Oh, don’t get me wrong; Hope and his clubhouse buddies making a fal’Cie still feels like I got slapped in the face with vomit-soaked tripe, but that’s something that feels like a personal attack on me. It might not mean anything to you, fair readers. But I’d wager there’s a better chance of something resembling shock -- pure shock -- later on.
Remember how I said Yeul tells Serah and Noel to go to Augusta Tower? Well, that’s not entirely true; see, the Caius that was in Academia warns our heroes that if they go to Augusta Tower, they’ll become trapped there, and help instigate some kind of disaster. Generally speaking, going there is pretty much some kind of prophesized disaster. So of course, our heroes see no other alternative but to head there and investigate for themselves, even if it means walking headfirst into a trap.

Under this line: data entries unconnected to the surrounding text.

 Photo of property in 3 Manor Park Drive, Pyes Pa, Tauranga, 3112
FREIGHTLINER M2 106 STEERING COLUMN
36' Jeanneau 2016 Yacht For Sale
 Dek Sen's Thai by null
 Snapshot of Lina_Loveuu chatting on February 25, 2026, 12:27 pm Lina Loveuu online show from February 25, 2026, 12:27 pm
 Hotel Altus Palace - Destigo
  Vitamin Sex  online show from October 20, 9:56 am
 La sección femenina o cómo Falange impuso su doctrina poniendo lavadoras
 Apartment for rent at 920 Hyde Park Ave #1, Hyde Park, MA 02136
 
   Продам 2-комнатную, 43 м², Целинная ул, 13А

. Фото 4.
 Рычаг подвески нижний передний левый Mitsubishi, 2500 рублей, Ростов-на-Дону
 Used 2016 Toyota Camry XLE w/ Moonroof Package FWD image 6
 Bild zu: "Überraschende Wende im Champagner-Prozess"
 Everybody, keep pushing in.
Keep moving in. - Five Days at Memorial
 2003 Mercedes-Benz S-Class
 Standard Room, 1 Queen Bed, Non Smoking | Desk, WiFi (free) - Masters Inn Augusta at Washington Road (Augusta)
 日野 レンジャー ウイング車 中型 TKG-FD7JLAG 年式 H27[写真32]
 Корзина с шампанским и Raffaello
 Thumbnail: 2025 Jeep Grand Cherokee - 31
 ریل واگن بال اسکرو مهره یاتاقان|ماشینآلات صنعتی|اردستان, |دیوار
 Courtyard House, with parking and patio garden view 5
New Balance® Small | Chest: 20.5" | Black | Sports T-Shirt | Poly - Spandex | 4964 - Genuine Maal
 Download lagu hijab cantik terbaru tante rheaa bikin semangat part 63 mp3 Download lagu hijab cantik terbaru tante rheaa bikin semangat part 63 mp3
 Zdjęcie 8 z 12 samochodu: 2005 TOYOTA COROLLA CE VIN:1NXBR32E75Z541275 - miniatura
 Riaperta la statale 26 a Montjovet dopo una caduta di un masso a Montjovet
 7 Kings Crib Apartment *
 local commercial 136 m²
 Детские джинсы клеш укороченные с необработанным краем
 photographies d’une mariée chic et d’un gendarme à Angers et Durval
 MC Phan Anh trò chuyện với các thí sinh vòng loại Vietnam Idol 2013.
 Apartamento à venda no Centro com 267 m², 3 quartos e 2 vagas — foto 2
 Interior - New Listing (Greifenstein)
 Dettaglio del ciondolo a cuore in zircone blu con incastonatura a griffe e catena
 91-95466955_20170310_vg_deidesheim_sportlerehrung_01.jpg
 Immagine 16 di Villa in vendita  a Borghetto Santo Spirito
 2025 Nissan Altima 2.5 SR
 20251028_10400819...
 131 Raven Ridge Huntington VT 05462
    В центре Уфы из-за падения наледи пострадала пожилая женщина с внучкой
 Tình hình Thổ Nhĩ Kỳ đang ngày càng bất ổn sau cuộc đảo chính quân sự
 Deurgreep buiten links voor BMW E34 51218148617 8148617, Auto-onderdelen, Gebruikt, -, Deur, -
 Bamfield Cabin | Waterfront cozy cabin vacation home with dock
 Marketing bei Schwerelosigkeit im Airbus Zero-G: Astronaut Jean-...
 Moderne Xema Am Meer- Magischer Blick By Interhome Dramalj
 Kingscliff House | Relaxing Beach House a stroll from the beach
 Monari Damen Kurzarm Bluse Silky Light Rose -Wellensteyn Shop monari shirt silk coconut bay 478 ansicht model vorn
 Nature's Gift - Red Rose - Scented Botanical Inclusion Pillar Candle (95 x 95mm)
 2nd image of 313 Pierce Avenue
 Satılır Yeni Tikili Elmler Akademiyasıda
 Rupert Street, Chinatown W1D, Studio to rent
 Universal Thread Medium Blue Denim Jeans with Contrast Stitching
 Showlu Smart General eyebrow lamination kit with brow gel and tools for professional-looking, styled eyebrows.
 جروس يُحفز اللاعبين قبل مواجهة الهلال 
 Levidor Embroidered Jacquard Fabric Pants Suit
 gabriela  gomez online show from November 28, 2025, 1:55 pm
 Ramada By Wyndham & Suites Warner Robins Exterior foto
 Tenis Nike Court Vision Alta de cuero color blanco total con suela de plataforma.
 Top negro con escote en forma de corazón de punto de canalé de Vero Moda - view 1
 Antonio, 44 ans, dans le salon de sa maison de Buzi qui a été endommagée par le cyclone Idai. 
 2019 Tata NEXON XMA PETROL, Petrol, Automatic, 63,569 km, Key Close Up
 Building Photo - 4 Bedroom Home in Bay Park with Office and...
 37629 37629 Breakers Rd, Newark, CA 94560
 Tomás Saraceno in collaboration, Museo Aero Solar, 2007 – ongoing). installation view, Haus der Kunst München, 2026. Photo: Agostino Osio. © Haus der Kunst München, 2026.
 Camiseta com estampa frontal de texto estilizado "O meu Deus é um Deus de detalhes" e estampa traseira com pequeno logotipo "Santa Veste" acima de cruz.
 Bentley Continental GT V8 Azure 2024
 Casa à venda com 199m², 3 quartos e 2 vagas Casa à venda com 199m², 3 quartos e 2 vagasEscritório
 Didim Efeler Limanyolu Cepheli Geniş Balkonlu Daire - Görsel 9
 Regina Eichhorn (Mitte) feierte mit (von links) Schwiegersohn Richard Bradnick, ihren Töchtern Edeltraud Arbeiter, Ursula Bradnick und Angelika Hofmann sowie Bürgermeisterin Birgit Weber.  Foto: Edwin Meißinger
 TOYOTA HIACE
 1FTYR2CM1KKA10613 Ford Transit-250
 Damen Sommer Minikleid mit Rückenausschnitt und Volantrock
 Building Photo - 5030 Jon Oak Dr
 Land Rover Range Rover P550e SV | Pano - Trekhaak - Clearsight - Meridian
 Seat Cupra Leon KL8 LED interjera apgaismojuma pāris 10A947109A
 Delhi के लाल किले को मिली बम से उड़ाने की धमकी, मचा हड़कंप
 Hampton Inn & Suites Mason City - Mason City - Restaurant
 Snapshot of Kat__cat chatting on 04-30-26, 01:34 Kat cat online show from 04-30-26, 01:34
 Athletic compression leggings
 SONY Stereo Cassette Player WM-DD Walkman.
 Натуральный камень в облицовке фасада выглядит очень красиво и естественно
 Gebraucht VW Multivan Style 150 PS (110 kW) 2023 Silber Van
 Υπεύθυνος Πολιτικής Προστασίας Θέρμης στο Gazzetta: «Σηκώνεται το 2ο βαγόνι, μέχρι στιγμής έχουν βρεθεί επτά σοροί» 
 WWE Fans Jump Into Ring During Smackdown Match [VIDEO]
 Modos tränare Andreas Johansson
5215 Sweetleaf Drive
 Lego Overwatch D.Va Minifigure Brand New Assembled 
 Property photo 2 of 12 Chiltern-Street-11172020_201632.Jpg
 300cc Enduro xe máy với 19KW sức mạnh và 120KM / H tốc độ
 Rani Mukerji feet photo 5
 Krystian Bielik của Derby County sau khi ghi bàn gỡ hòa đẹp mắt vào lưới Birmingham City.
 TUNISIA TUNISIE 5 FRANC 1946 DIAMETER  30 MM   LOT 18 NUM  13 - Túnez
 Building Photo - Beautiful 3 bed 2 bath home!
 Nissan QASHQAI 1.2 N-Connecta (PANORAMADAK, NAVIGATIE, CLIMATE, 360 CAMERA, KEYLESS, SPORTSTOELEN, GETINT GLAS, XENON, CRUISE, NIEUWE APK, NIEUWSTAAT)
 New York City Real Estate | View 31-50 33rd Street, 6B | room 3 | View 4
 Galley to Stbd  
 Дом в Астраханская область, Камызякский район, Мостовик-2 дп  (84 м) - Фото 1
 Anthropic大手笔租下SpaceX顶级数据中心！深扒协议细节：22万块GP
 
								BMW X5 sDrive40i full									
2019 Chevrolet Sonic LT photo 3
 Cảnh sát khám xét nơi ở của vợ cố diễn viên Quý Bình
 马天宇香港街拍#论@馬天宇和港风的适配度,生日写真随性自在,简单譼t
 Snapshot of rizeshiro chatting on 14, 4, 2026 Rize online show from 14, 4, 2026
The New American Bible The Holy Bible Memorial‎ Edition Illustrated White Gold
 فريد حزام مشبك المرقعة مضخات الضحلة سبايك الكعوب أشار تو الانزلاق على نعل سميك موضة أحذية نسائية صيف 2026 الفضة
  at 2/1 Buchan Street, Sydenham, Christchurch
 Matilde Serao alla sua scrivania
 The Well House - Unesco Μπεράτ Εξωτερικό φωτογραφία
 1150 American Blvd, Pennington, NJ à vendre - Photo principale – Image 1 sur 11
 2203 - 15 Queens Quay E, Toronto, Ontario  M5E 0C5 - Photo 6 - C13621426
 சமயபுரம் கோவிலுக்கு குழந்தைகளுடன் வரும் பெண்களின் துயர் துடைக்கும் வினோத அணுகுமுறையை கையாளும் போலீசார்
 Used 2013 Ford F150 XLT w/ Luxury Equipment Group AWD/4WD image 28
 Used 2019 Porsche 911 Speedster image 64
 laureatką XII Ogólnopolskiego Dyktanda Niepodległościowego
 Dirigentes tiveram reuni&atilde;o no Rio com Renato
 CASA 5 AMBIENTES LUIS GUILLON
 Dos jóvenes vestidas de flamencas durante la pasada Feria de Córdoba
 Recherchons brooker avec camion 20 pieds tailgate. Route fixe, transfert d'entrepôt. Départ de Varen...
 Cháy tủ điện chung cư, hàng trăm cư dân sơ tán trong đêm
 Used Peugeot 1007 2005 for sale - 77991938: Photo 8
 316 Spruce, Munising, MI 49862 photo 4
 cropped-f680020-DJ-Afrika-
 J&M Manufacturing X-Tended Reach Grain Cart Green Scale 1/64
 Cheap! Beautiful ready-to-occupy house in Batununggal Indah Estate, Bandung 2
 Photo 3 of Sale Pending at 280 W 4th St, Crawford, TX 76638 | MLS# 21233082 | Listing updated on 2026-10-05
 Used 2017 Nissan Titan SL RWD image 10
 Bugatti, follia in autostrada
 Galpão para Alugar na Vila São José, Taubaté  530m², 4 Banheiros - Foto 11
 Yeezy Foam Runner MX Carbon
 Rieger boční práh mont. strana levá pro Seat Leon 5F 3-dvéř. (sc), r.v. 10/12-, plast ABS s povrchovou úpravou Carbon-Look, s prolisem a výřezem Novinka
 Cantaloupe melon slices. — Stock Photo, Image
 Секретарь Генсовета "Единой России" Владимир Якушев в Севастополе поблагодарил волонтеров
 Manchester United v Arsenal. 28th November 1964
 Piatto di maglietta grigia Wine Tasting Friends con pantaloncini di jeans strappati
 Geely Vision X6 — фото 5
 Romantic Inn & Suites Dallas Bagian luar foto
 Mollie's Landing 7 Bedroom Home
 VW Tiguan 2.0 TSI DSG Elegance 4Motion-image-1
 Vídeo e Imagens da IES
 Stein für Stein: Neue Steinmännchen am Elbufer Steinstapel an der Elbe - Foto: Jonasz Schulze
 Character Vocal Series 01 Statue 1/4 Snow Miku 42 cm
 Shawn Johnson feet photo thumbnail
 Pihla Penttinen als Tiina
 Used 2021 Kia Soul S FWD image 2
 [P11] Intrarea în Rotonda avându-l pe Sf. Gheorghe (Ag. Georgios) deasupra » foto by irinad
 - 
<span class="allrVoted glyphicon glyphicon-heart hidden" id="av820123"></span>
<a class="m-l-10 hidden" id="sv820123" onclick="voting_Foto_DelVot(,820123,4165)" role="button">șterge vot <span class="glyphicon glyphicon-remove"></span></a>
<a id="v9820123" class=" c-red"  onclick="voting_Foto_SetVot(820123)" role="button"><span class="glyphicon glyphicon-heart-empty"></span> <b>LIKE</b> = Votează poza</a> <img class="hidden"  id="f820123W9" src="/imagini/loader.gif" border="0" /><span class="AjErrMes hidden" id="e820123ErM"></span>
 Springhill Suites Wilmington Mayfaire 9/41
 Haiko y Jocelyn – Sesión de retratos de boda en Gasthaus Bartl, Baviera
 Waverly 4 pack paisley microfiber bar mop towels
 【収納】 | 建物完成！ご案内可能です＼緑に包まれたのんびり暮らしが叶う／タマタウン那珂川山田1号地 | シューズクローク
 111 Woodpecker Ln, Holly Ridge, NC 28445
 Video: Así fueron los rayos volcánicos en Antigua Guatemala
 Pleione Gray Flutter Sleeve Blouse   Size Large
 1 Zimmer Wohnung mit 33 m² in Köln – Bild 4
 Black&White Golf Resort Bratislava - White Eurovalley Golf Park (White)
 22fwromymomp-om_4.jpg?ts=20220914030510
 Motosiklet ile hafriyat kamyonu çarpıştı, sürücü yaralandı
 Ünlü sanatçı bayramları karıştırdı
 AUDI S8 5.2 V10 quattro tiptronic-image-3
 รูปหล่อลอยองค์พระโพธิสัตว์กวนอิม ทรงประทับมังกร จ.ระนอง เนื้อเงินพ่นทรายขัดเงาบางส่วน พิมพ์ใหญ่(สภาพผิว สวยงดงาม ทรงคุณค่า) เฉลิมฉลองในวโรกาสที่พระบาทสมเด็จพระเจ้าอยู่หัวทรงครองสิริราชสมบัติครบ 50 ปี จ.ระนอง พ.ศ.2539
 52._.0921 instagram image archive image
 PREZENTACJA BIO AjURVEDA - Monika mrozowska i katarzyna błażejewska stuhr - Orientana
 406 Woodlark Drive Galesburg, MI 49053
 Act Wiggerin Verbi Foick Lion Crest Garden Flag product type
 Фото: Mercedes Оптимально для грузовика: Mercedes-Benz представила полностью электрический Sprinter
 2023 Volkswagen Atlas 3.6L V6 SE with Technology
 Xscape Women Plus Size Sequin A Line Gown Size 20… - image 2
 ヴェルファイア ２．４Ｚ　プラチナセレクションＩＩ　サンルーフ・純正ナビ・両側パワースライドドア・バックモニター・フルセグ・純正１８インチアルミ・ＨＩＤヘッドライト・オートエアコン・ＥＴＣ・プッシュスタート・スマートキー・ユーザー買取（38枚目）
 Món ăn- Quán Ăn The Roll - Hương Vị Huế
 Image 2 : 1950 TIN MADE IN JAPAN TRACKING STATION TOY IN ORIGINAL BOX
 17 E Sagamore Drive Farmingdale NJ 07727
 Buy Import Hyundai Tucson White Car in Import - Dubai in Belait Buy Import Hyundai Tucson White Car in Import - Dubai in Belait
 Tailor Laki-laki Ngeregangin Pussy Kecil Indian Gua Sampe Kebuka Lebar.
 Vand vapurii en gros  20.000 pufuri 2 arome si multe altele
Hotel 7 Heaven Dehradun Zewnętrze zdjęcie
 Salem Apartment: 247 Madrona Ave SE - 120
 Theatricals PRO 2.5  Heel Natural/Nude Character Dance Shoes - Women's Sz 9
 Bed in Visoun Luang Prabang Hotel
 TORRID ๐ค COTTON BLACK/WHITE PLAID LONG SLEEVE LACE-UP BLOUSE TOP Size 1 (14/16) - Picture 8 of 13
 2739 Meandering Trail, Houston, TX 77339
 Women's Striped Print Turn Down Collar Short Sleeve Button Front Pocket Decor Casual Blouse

Not exactly the wisest of moves, but that’s the least of this sequence’s problems. (The same goes for trying to clean up Hope’s dumbass mess, as well as the fact that he’s dragged the real plot to a halt…though in that regard, maybe I should be thankful.)
So you head to Augusta Tower, and…well, it’s less than impressive in terms of visuals and design. If you’ve seen Tron: Legacy (or played Kingdom Hearts 2 or KH3D), then you’ve seen this area before -- dark platforms with glowing lines, cyber junk all over the place, and the usual virtual furnishings. It ties in to another complaint I have with this game, but I’ll save it for another day; in any case, Serah and Noel decide to venture deeper into the tower, and catch glimpses of Caius -- or at least an image of him -- doing the same. Naturally, they decide to follow him, even if it means getting caught in a trap. Which they do…kind of…but it’s for a good cause. They need to figure out what the Caius image is doing there, as well as gather information -- information that will save Hope, considering that they find out about the origin of the man-made fal’Cie, Adam. Apparently, it decided to send monsters to attack and kill Hope, allowing its existence and growth to continue unchecked. As they find themselves going deeper and deeper into the tower with no chance of escape, Serah and Noel reason that the only way to save Hope is to keep moving forward and take out the fal’Cie.
Except they’re not really trapped. They can never be trapped. See, one of the gameplay mechanics is that at any time on the field, the player can stop the action and go back to the “level select” screen, better known as the Historia Crux. Even if the player hasn’t done everything there is to do in a level, they can still bail at any time and go back to a different area (and era, or even alternate histories). This isn’t even a matter of gameplay and story segregation; Serah and Noel know about the Crux; they not only travel through it in cutscenes, but mention it in a conversation or two. Given that, how is it even remotely possible that they can be trapped anywhere by anyone? If someone seals them in a cage, they can just go “screw this noise” and spring back into the Crux. Time is literally at their beck and call. It’s their failsafe, their cushion, the very reason why they and they alone are supposed to be this game’s champions. So why not use it?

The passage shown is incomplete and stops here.